*What you will do*
Copy out exactly the lines spanning the line with "Ideal Protein - Instant" to the line with "Mit der Vorschule", inclusive, from the data underneath, with no pictures.

*Input data*
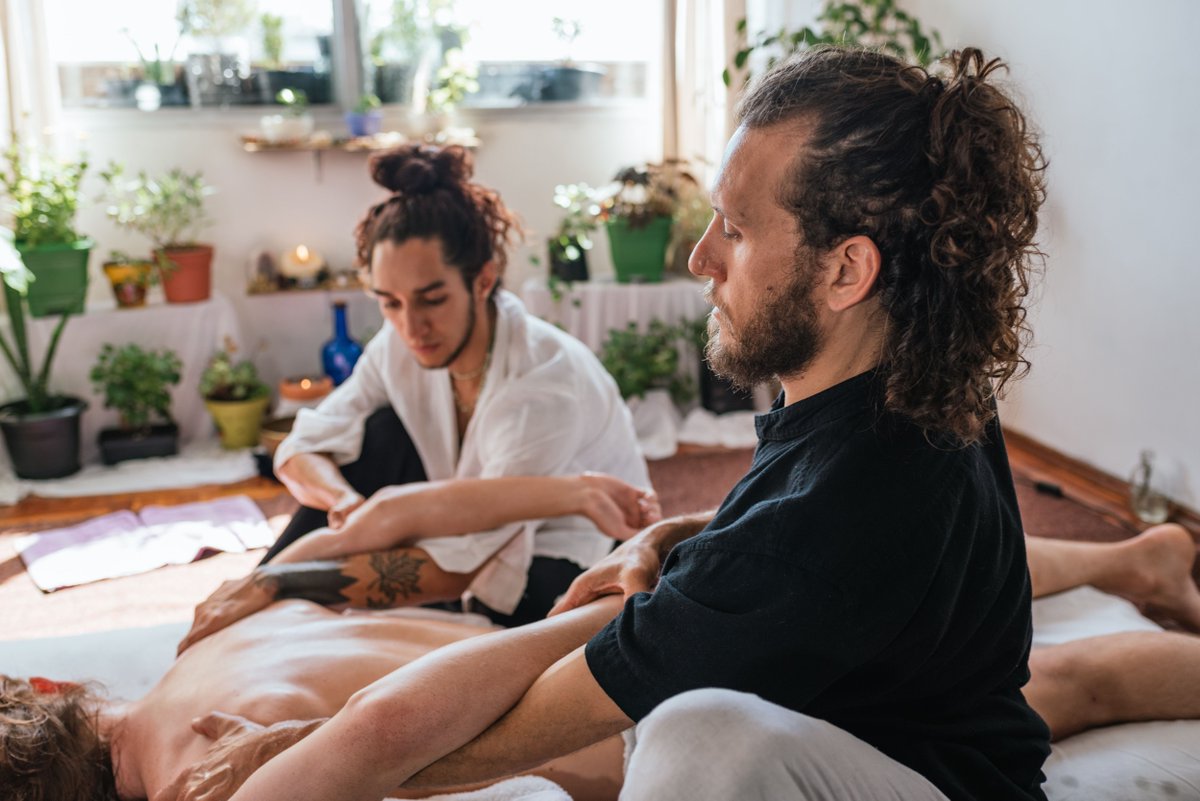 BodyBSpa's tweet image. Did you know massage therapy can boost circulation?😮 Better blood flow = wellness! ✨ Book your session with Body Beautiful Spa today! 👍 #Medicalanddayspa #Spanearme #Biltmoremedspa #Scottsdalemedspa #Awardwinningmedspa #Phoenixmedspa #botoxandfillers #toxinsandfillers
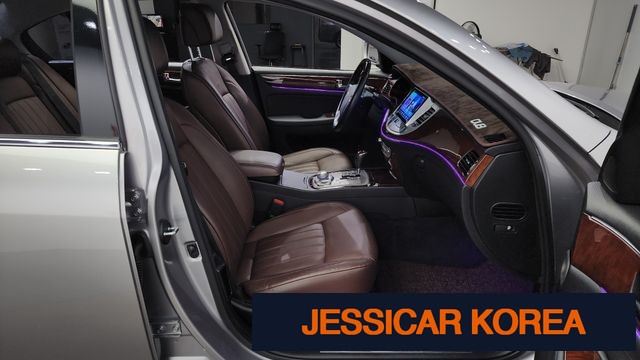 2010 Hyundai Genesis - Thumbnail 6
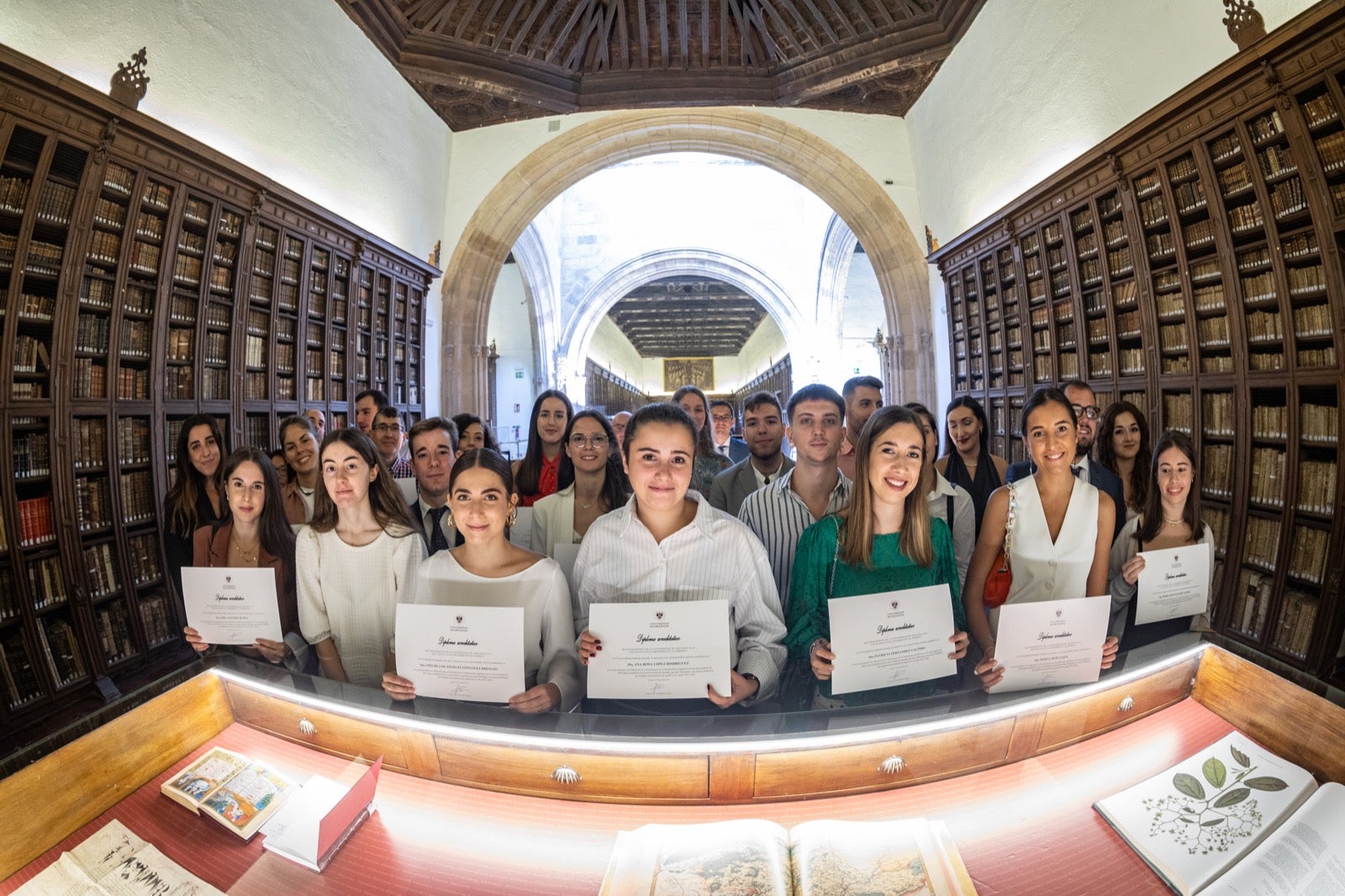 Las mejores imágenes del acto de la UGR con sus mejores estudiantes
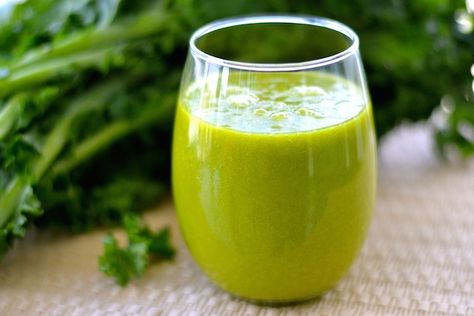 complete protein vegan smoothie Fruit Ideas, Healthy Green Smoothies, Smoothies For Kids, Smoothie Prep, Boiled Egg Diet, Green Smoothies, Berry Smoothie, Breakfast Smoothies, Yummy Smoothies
---
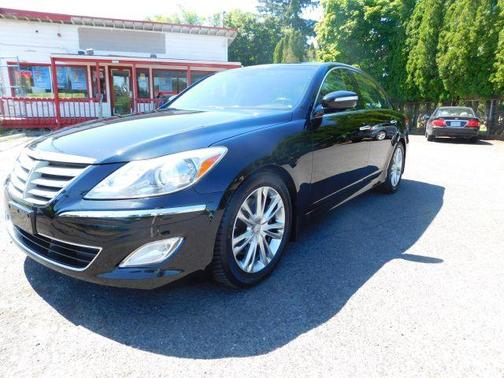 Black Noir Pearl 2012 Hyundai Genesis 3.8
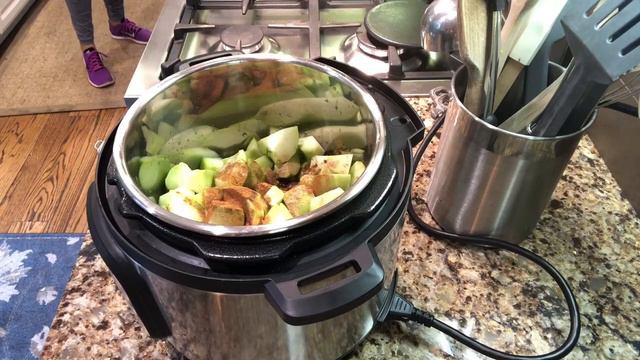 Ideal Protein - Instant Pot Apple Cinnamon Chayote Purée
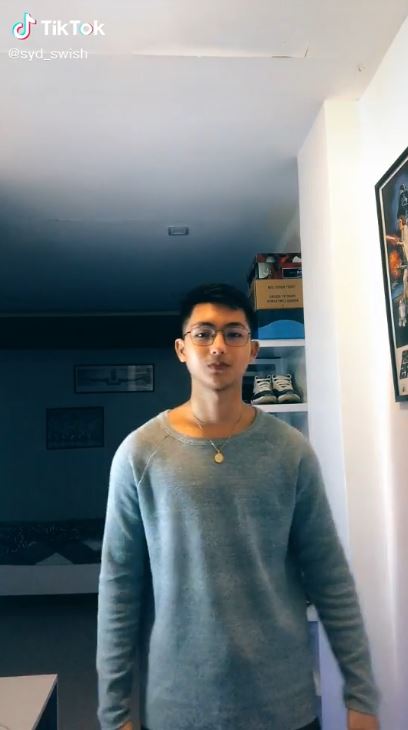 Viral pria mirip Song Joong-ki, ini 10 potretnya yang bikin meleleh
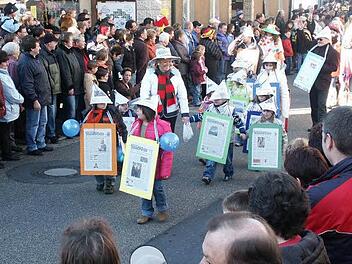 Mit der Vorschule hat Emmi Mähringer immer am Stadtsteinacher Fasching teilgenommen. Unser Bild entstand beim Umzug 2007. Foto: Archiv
...
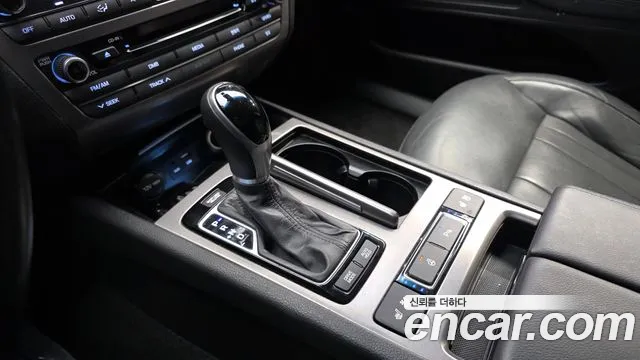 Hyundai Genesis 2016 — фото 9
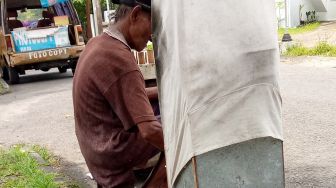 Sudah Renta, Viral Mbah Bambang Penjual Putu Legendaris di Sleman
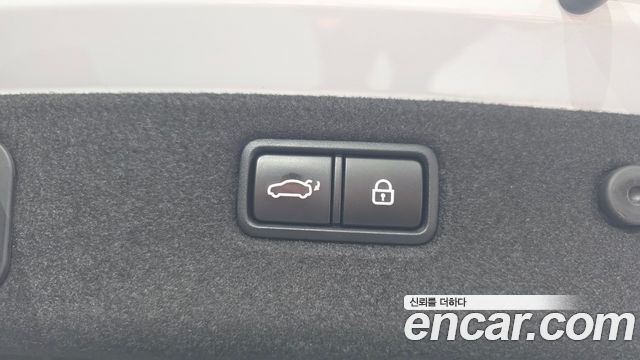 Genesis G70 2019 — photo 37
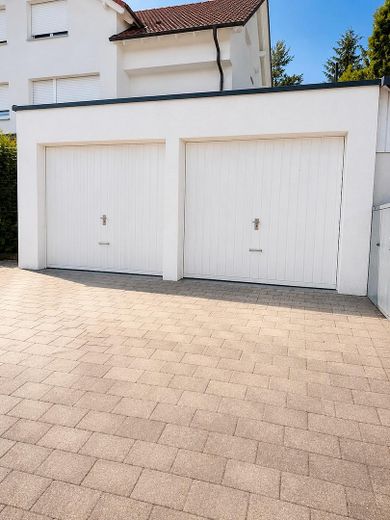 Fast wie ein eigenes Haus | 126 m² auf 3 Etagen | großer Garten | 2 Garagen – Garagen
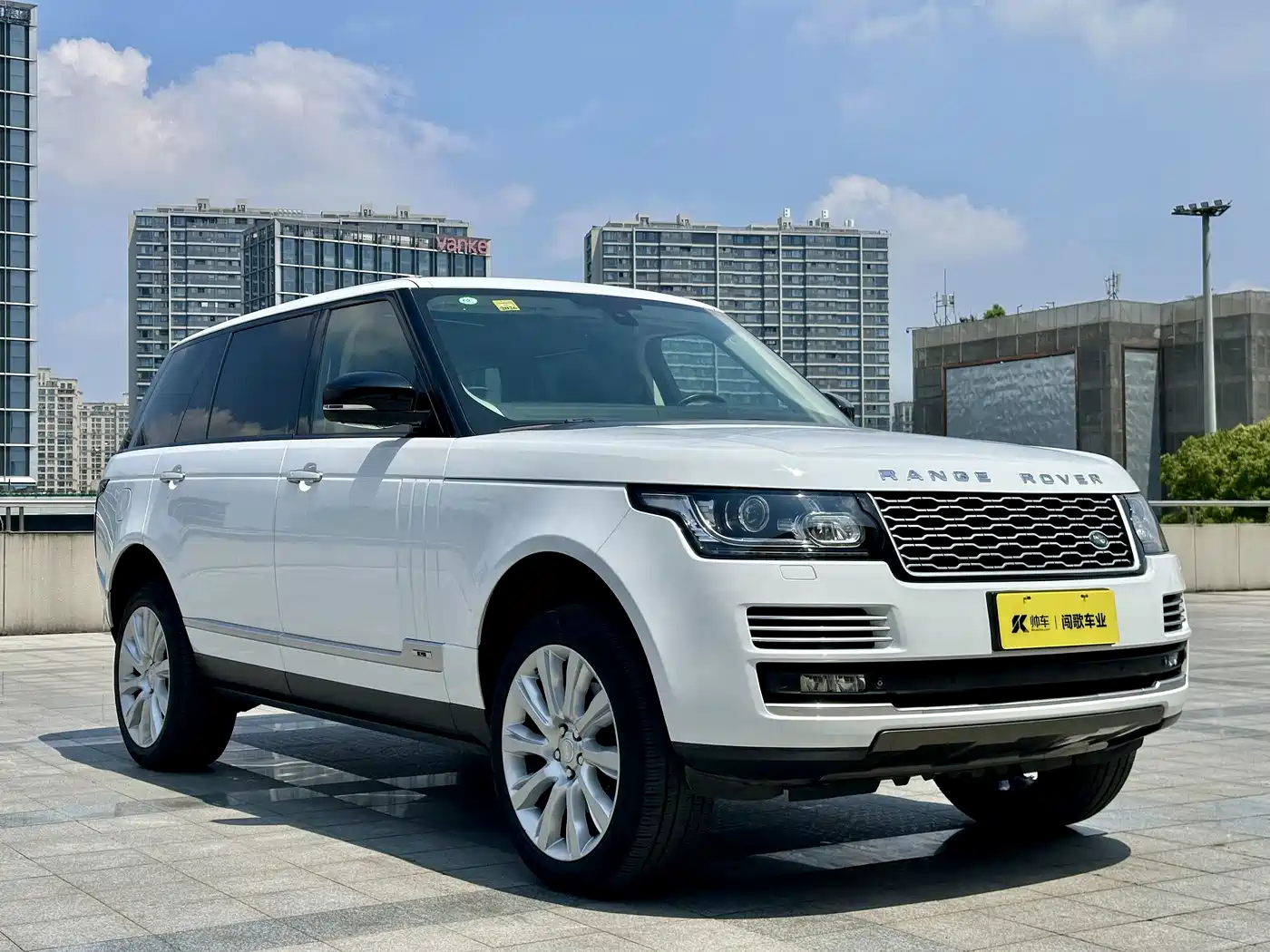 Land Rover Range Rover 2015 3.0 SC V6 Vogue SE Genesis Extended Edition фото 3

*Solution for this task*
 Ideal Protein - Instant Pot Apple Cinnamon Chayote Purée
 Viral pria mirip Song Joong-ki, ini 10 potretnya yang bikin meleleh
 Mit der Vorschule hat Emmi Mähringer immer am Stadtsteinacher Fasching teilgenommen. Unser Bild entstand beim Umzug 2007. Foto: Archiv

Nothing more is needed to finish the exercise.